I am back home and back to some sort of routine. I am listening to the news and heating water on the stove for morning cups of herbal tea while I pour cereal into a bowl. There is still a suitcase in the corner of my bedroom that clothing and swag and all these ziploc bags I used for packing are slowly seeping out of.
I have a bad habit of taking a long time to unpack. Sometimes a really long time. I promised Phillip I wouldn’t take so long this time, and then I remembered I couldn’t. I’ll be repacking that suitcase soon for our Colorado trip.
But it is taking longer than I thought for everything I brought back from the conference to find its place here at home. It will. For now, I’m still figuring out where it all goes. I’ll find a way to make it work and get ready for my next trip.
Even though it’s causing a bit of a time crunch, I’m so glad I went to the conference. It gave me exactly the answers I was looking for.
The night before I bought my last-minute ticket from my friend Mona, when I was still considering whether to say yes, I wrote a note for Phillip. He was already asleep, and I wanted to talk it all over with him.

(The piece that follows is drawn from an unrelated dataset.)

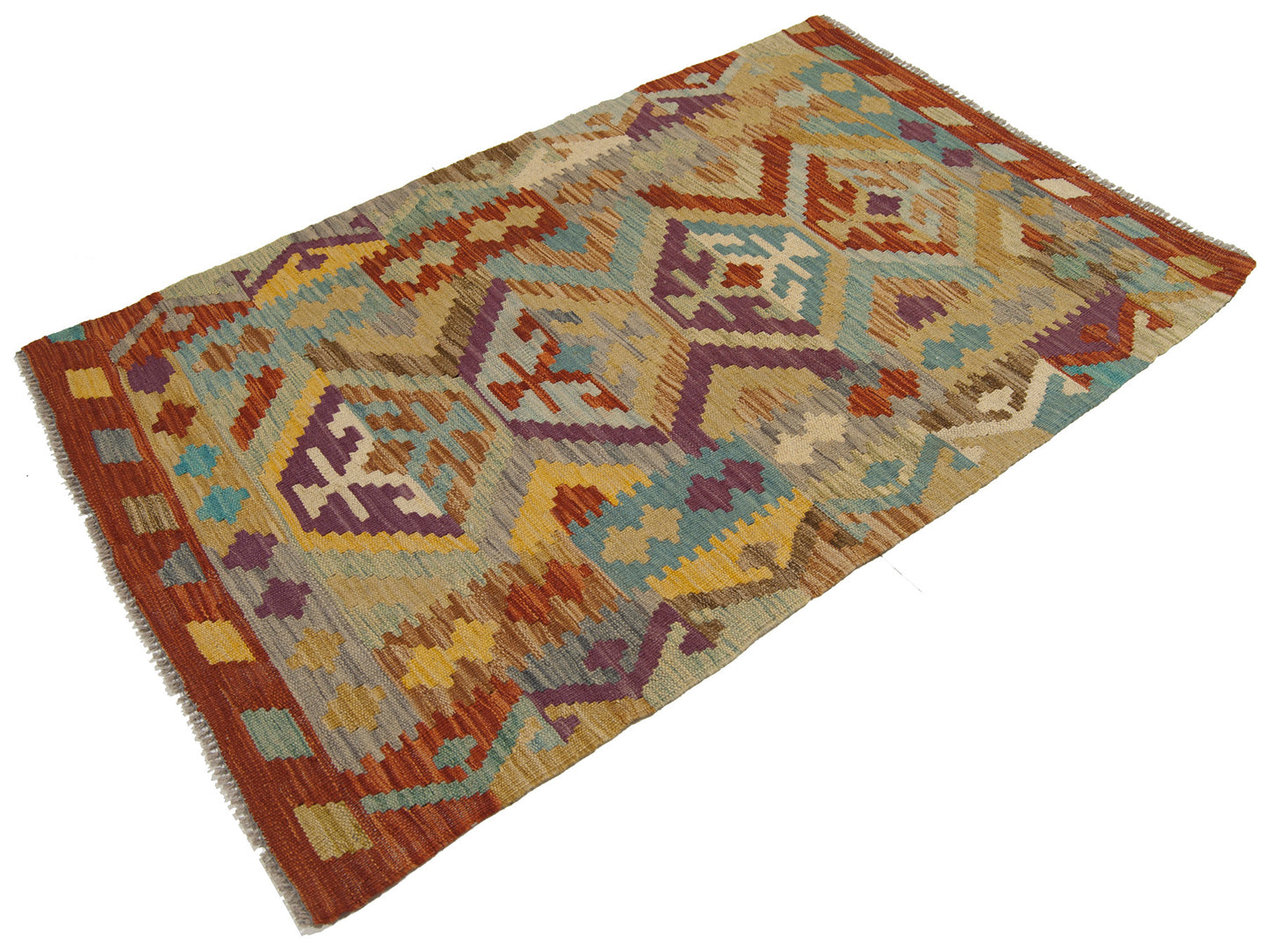 125X83 CM Kilim Autentico Originale Fatto a Mano Facile da Pulire Stile Rustico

I knew I couldn’t count on my night-owl self to have a single coherent thought in the morning, so I wrote it all down.
Maybe instead of waiting to figure out what I’m doing, I should see if this blog to book thing could work for me.
So I went. I took a lot of notes (and a few photos), met a lot of wonderful people, listened.
I came back with answers, including another big yes.
Instead of thinking that I maybe want to write a book, I now plan to write a book. Maybe a series. (Yikes.) I have other ideas for this blog and for writing and traveling and crafting too.
I’m still trying to figure out where exactly this fits with the rest of my life. I know I’ll find a place for it all. I’ll find a way to make it work and get ready for what’s next.
Stephanie, I am right there with you, with saying yes. The novel (or novels) WILL happen. I’m tired of pussyfooting around whether or not I want to or can. I KNOW I want to and I KNOW I can. I believe in you, too. Get to writing!
And, um, my suitcase is still in the floor and I’m not going anywhere else anytime soon (it is empty, though). One step at a time. I can’t unpack days upon return AND put the bag away too. (And surrounding the bag is the stuff from the CVS Minute Clinic THAT I LOVE AND NEED AND WANT).
Thanks, Arnebya! I’m glad someone else has a similar suitcase-on-the-floor
issuesystem! :)Keep me posted on the novel!